Wealthy Democrats Are in Denial About Inequality – The Atlantic

The Democratic Party’s establishment is in denial about the ways in which concentrated riches are warping society and contributing to the disunity it seeks to heal.

” . . . Just as the 2008 recession ushered in the election of the first black president, a subsequent white backlash, and a rebirth of left-wing populism led by figures such as Warren and Sanders, the economic hardships of the late 1870s inspired both worker activism and racist retrenchment. In times of economic hardship, it was not a difficult matter to discredit Reconstruction as an attempt to raise ignorant black laborers above white men who were entrepreneurial, responsible, and refined. Nor was it difficult to justify government intervention on behalf of Big Business while condemning such intervention on behalf of workers. The rich, after all, had earned it, or they wouldn’t be rich.

Foner documents how former antislavery figures such as Horace White of the Chicago Tribune “condemned agrarian and labor organizations for initiating ‘a communistic war upon vested rights and property,’ and insisted that universal suffrage had ‘cheapened the ballot’ by throwing political power into the hands of those influenced by the ‘harangues of demagogues.’” Antislavery publications such as The Nation “linked the Northern poor and Southern freedmen as members of a dangerous new ‘proletariat’ as different ‘from the population by which the Republic was founded, as if they belonged to a foreign nation.’” With Reconstruction ended, capital took advantage of the stability of its aftermath to expand convict leasing, a new regime of forced labor that white southerners would impose to replace slavery and keep the region’s black labor force captive and subordinate. Big industries—lumber, railroads, mining, and others—would take eager advantage of this system of neo-slavery to boost their profit margins.

The end of Reconstruction coincided with the Republican retreat from civil rights. But that retreat was precipitated by deep-seated fears over workers in the North and South seeking labor reform, income redistribution, and regulation of industry. “The South sensed the willingness of Big Business, threatened by liberal revolt, labor upheaval and state interference, to make new alliance with organized Southern capital if assured that the tariff, banks and national debt, and above all, the new freedom of corporations, would not be subjected to mass attack,” wrote W. E. B. Du Bois in Black Reconstruction in America. “Such a double bargain was more than agreeable to Southern leaders.” Racism not only threatens democracy and prosperity; it accrues tremendous benefits for those already leading lives of plenty.

America’s political parties are now as polarized as they were at the end of Reconstruction. And just as at the end of Reconstruction, a multiracial party whose ranks include both frustrated workers and wealthy capitalists finds itself at a crossroads, with no certain options for healing the nation’s divides or its own. As ever, America’s gilded class regards the possibility of higher taxes and redistribution as a greater threat than a resurgent racist authoritarianism that imperils America’s still-young experiment in multiracial democracy. The latter, after all, does not jeopardize its profits.

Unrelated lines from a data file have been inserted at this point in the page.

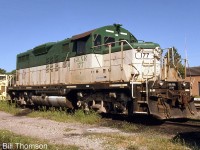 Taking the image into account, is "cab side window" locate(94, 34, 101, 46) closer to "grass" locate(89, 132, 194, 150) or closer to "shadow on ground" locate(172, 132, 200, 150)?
"grass" locate(89, 132, 194, 150)

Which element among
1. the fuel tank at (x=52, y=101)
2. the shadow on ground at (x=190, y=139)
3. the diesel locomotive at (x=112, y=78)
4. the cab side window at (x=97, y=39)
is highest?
the cab side window at (x=97, y=39)

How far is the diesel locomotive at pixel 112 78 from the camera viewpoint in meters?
10.2

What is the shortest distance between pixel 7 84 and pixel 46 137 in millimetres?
15411

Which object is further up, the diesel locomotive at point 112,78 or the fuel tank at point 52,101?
the diesel locomotive at point 112,78

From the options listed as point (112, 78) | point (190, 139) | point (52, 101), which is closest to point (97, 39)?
point (112, 78)

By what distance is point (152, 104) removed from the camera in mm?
9859

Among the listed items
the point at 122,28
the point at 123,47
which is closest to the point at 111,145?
the point at 123,47

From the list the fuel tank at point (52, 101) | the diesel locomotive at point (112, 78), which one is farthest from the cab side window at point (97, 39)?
the fuel tank at point (52, 101)

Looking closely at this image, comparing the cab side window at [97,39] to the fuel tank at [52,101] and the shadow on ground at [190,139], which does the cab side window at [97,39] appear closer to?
the fuel tank at [52,101]

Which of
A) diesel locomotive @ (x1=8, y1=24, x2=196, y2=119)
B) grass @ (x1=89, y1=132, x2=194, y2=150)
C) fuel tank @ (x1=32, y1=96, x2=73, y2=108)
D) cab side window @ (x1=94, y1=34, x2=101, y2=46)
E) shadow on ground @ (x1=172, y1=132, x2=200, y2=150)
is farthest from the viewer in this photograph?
fuel tank @ (x1=32, y1=96, x2=73, y2=108)

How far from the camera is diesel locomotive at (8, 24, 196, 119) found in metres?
10.2

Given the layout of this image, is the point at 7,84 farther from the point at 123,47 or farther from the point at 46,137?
the point at 46,137

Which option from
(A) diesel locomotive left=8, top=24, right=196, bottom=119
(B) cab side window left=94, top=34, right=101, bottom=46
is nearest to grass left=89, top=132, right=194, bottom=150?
(A) diesel locomotive left=8, top=24, right=196, bottom=119

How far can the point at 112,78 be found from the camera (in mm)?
11336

Into this divide steps Patrick, a man who went from poverty on Chicago’s South Side to the heights of both business and politics, practically an avatar of the old free-labor ideal that animated the 19th-century Republican Party, an ideal whose blindness to how concentrations of wealth warp politics and society leaves it ill-equipped to deal with the threats to democracy and prosperity America currently faces. The paradox for Democrats is that the candidates who understand this appear less likely to prevail in the general election, and those who have yet to grasp it may be better positioned to unseat the president.
In Polarized America, Nolan McCarty, Keith Poole, and Howard Rosenthal argue that economic inequality and polarization reinforce each other. Economic suffering and ideology foment anger toward minorities, who are blamed for that economic suffering. The very wealthy exploit those divisions to sustain their streams of income, which in turn makes it less likely that redistributive legislation addressing that economic suffering can be passed . . .”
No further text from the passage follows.